Task item: Pictures do not belong in your copy. Repeat all the other data exactly.

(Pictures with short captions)

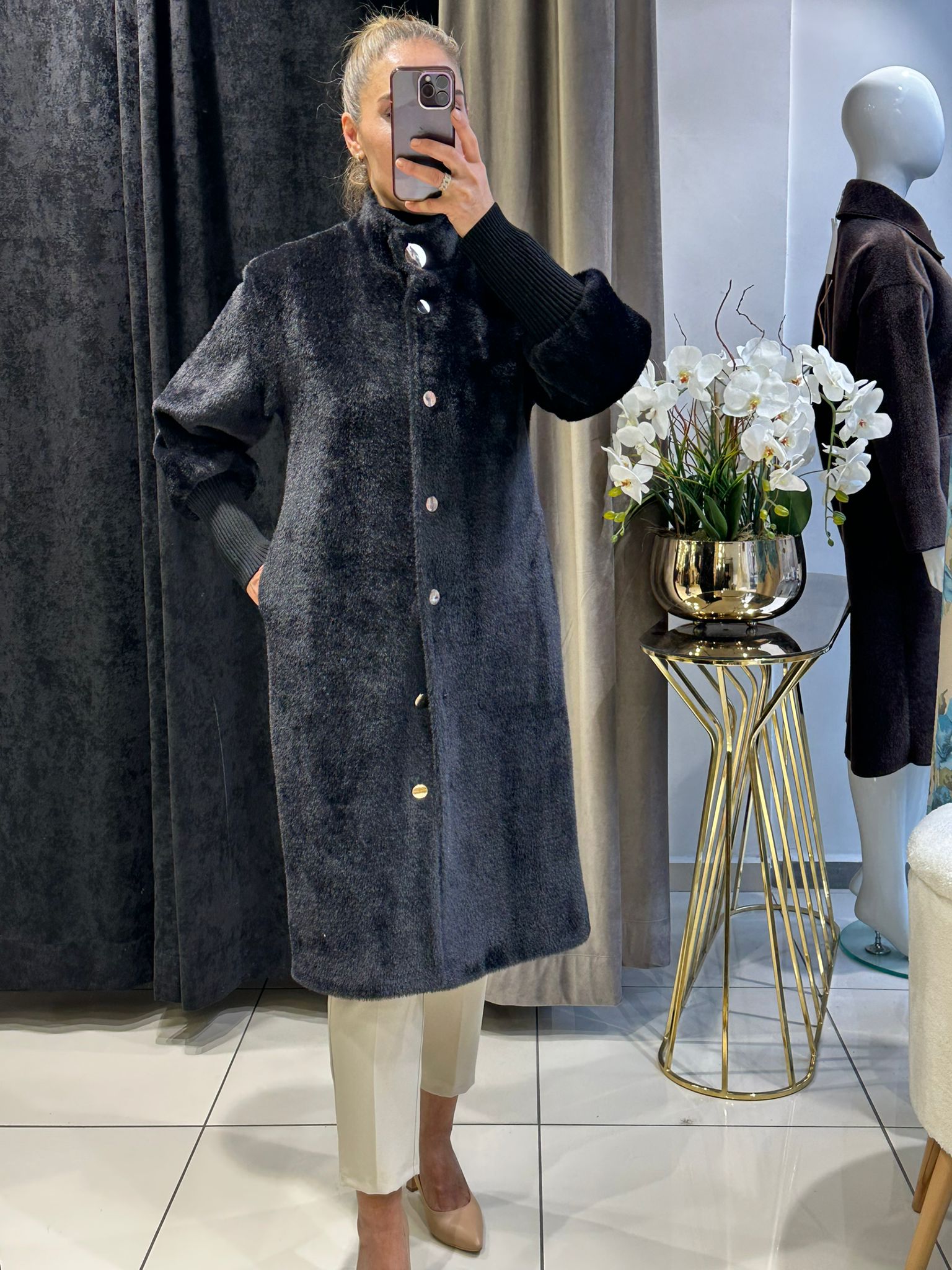 ANGORA KABAN KOL UCU TRİKO RİBANA GOLD DÜĞME DETAY - SİYAH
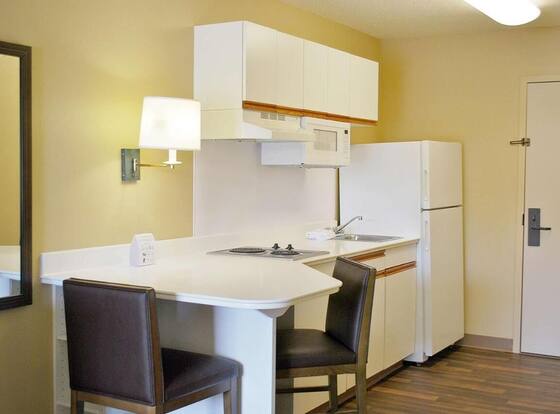 Beachwood Extended Suites is a family friendly hotel in Beachwood, Ohio (OH)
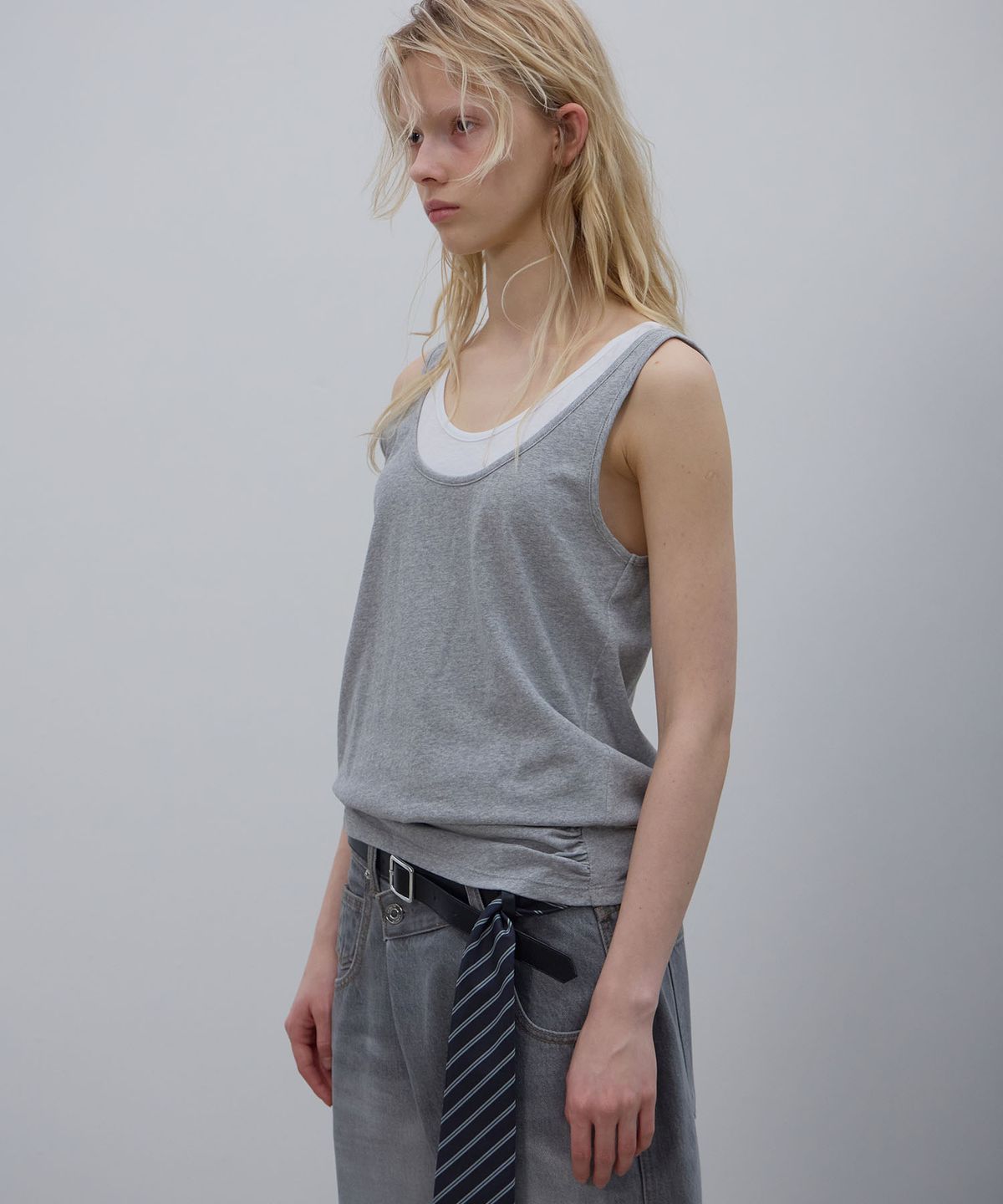 엘씨디씨티엠(LCDC™) SHAPED HEM TANK TOP (MELANGE GREY)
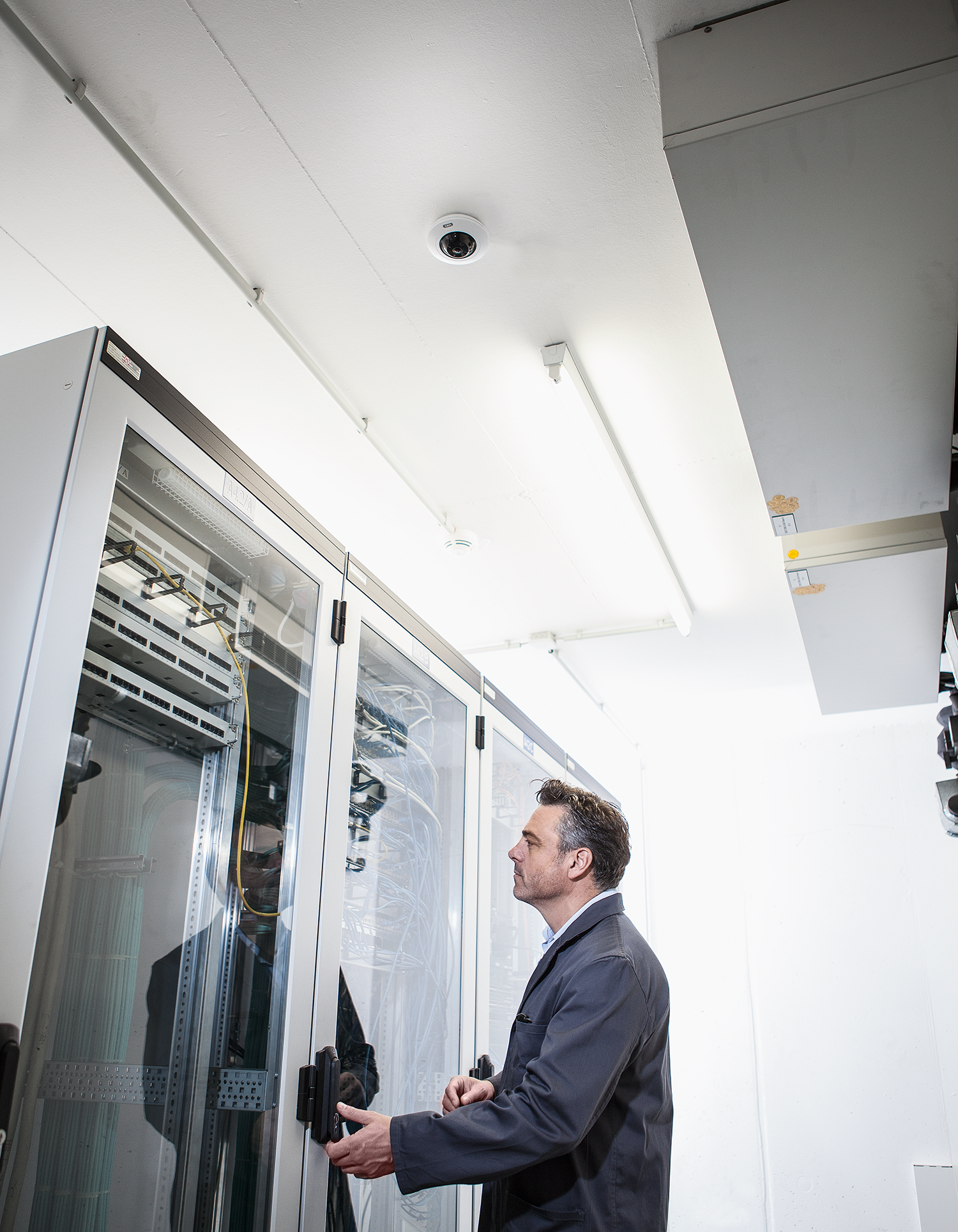 Professionelle Zutrittskontrolle und Überwachung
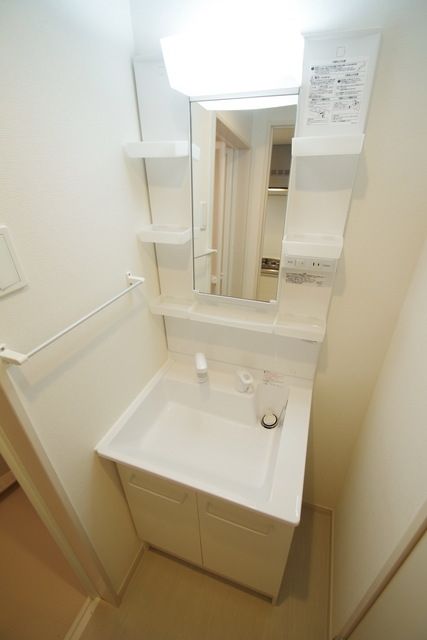 洗面設備　★忙しい朝に便利な独立船目台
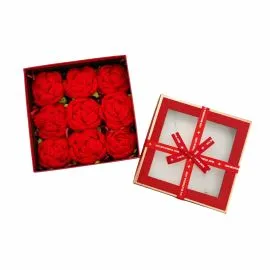 Caja de regalo con 9 rosas rojas tejidas a crochet en forma de cuadrado | Tamaño grande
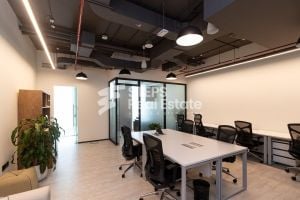 مكتب للإيجار في لوسيل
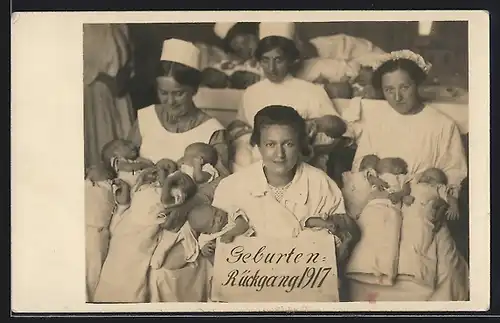 Foto-AK Krankenschwestern mit Babies im Arm, Geburten-Rückgang 1917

Output:
 ANGORA KABAN KOL UCU TRİKO RİBANA GOLD DÜĞME DETAY - SİYAH
 Beachwood Extended Suites is a family friendly hotel in Beachwood, Ohio (OH)
 엘씨디씨티엠(LCDC™) SHAPED HEM TANK TOP (MELANGE GREY)
 Professionelle Zutrittskontrolle und Überwachung
 洗面設備　★忙しい朝に便利な独立船目台
 Caja de regalo con 9 rosas rojas tejidas a crochet en forma de cuadrado | Tamaño grande
 مكتب للإيجار في لوسيل
 Foto-AK Krankenschwestern mit Babies im Arm, Geburten-Rückgang 1917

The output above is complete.